Roma | EGINDO.co – Italia berharap menerima “dorongan positif” bagi perekonomiannya dari investasi yang terkait dengan Olimpiade Musim Dingin Milano Cortina 2026, dengan alasan bahwa acara besar dapat mempercepat proyek infrastruktur yang telah lama tertunda.

Berbicara pada sebuah acara tentang Olimpiade di Roma pada hari Rabu, Menteri Ekonomi Giancarlo Giorgetti mengatakan sumber daya yang dialokasikan untuk pekerjaan Olimpiade dapat membantu mengangkat perekonomian nasional saat Italia bersiap untuk upacara pembukaan bulan depan.

“Harapan kecil saya adalah kita mendapatkan bantuan, sedikit ‘dorongan positif’ untuk pertumbuhan negara,” kata Giorgetti, merujuk pada efek pengganda yang dapat dimiliki investasi Olimpiade—terutama dalam jaringan transportasi—terhadap perekonomian.

Ekonomi Italia kehilangan momentum setelah tumbuh 0,7 persen pada tahun 2024. Pertumbuhan ditargetkan melambat menjadi sekitar 0,5 persen pada tahun 2025 sebelum pulih secara moderat pada tahun 2026, ketika PDB diperkirakan tumbuh sebesar 0,7 persen, dengan permintaan domestik diperkirakan tetap menjadi pendorong utama karena ekspor mengalami kesulitan di tengah perdagangan global yang lemah.

Prancis, yang menjadi tuan rumah Olimpiade Musim Panas 2024, hanya mengalami peningkatan marginal pada PDB. Badan Pemeriksa Keuangan negara tersebut memperkirakan Olimpiade hanya meningkatkan pertumbuhan ekonomi sebesar 0,07 poin persentase pada tahun 2024.

“Acara besar merupakan peluang untuk mobilisasi besar-besaran pada infrastruktur,” tambah Giorgetti.

“Acara tersebut juga menjadi alasan untuk mengatasi masalah yang jika tidak akan ditangani dengan kecepatan yang dibutuhkan, dan memungkinkan kita untuk mencapai hasil.”

‘Apa Yang Tampak Mustahil Telah Menjadi Kenyataan’

Sekitar 3.500 atlet akan berkumpul di Italia untuk Olimpiade Musim Dingin, yang terbagi antara dua pusat utama—Milan dan Cortina d’Ampezzo—dari tanggal 6 hingga 22 Februari, dengan acara tambahan yang diadakan di lokasi lain di seluruh Italia utara.

Pemerintah memperkirakan 2 juta pengunjung dan audiens global lebih dari 3 miliar, memprediksi manfaat ekonomi yang berkelanjutan bagi masyarakat setempat melalui pariwisata dan peningkatan konektivitas transportasi.

“Total investasi mencapai 3,5 miliar euro ($4,1 miliar), tetapi menurut beberapa studi, pendapatan akan melebihi 5,3 miliar,” kata Menteri Transportasi Matteo Salvini pada acara yang sama di museum MAXXI Roma.

Anggaran Milano Cortina saat ini mencapai 5,2 miliar euro secara keseluruhan, terdiri dari 3,5 miliar euro dana publik untuk infrastruktur, dan 1,7 miliar euro dana swasta untuk menyelenggarakan dan mengadakan Olimpiade.

Italia telah menghadapi pengawasan ketat terkait keterlambatan dan pembengkakan biaya pada beberapa proyek Olimpiade utama, termasuk lintasan seluncur yang kontroversial di Cortina d’Ampezzo.
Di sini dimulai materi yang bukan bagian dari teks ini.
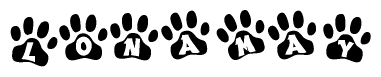 The image shows a row of animal paw prints, each containing a letter. The letters spell out the word Lonamay within the paw prints.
Namun, Salvini mengatakan semua pekerjaan utama kini sesuai jadwal dan akan memberikan keuntungan jangka panjang.

“Apa yang tampak mustahil hingga baru-baru ini telah menjadi kenyataan,” katanya.

Para pejabat di acara tersebut juga menepis kekhawatiran dari komunitas Alpen bahwa sorotan global dapat meningkatkan pariwisata berlebihan.

“Ini adalah bagian dari perdebatan. Masalah ini ada, tetapi harus ditangani tanpa ideologi, dan kami yakin kami tahu bagaimana mengelolanya,” kata Maurizio Fugatti, presiden provinsi otonom Trento, salah satu dari lima wilayah yang menjadi tuan rumah acara Olimpiade.